Tell them that if they need something when you are talking or someone is speaking to you, that they can put their hand on your arm and wait QUIETLY. As soon as you can, you'll turn to them. Sometimes kids don't know what TO do, and they at least need to know that you know they need you.

After a few trial runs, if they DON'T do it that way, then don't answer them at all. Continue your conversation as if they weren't talking, with a disapproving glance their direction.

At our house, I issue a "two minute penalty." If I am getting things ready for supper, and still carrying things to the table and you ask for a drink, you can be guaranteed your impatient rudeness will earn you the opportunity to be served a drink LAST, everytime.

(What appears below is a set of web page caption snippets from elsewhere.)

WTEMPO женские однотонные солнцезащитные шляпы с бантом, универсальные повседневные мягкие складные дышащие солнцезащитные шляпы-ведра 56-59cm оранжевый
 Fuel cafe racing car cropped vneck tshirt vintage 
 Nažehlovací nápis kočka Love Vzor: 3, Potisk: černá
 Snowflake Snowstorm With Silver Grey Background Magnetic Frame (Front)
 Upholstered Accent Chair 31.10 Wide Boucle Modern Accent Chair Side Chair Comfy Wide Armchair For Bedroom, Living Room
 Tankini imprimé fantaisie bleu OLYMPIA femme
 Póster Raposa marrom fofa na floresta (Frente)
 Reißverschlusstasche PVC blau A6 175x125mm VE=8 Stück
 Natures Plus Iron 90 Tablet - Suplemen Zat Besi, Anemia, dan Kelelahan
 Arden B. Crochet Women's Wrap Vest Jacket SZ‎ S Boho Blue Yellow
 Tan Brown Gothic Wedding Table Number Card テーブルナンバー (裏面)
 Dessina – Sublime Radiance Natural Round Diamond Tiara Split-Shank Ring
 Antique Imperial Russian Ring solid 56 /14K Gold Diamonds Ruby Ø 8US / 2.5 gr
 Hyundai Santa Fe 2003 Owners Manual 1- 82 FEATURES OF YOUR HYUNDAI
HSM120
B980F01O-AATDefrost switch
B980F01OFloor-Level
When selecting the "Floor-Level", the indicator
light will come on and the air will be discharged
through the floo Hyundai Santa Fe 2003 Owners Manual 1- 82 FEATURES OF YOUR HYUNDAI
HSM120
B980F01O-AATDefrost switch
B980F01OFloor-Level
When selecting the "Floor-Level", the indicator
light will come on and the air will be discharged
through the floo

If you interupt me, I will take longer and longer and longer to finish my conversation, maybe pausing to remind them of how it is to be done, and letting them know that this is their opportunity to practice.

But, I can be a real jerk about rudeness. I don't take it well from anyone.
post #4 of 10
I understand, we have the same problem and, to boot, DD1 gets very upset if anyone "talks over" her.

I'll share what they taught her in Montessori school. It's called "polite interrupting" Any time they want to speak to anyone else who is already talking (usually the teacher), they place their hand on the person's shoulder and wait to be acknowledged.

We have, or course, adopted this at home. She doesn't always use "polite interrupting" at home, but when she does it's gold! If DH and I are talking, and she remembers to be polite, she rests her hand on my shoulder and waits silently until I'm ready to listen to her. So it's not that we don't get interrupted, but at least we get to finish our sentence (if not our entire thought) before we address DD. She's not perfect, but the bargings have certainly decreased.

...Now DD2 is a whole different story...she's 2 and demands everyone's attention immediately!
post #5 of 10
Quote:
Originally Posted by Just1More View Post
Tell them that if they need something when you are talking or someone is speaking to you, that they can put their hand on your arm and wait QUIETLY. As soon as you can, you'll turn to them. Sometimes kids don't know what TO do, and they at least need to know that you know they need you.
You could try being goofy about it, too. If they have something the HAVE to tell you when you are talking, they could go get the "SAY IT" flag and hop around the room until you see them.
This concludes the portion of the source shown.